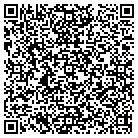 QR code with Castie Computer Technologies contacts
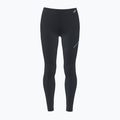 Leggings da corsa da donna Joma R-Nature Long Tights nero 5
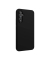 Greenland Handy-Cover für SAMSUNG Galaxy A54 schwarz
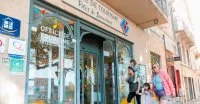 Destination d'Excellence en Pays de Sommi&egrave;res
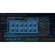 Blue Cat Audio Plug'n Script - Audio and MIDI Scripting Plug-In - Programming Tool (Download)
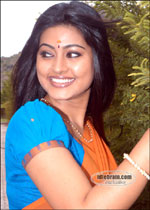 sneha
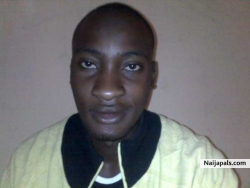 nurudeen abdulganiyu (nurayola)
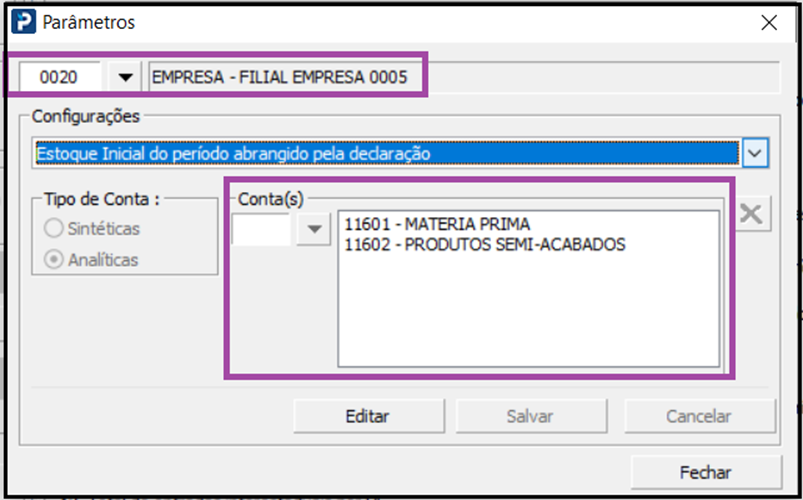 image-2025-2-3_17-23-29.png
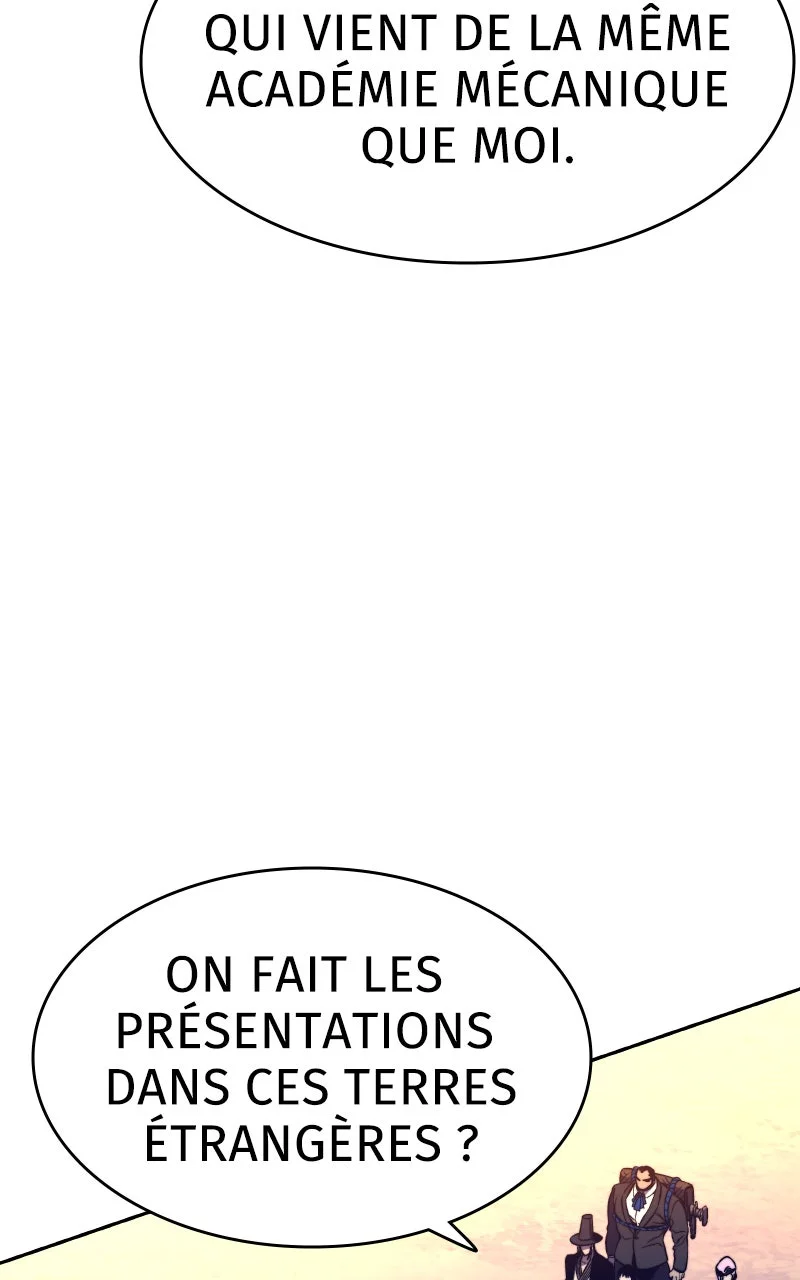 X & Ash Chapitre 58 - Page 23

● ● ●

- [Your instructions]
Pictures stay out of the copy; please restate every record above exactly.

- [Output for this exercise]
 QR code with Castie Computer Technologies contacts
 Leggings da corsa da donna Joma R-Nature Long Tights nero 5
 Greenland Handy-Cover für SAMSUNG Galaxy A54 schwarz
 Destination d'Excellence en Pays de Sommi&egrave;res
 Blue Cat Audio Plug'n Script - Audio and MIDI Scripting Plug-In - Programming Tool (Download)
 sneha
 nurudeen abdulganiyu (nurayola)
 image-2025-2-3_17-23-29.png
 X & Ash Chapitre 58 - Page 23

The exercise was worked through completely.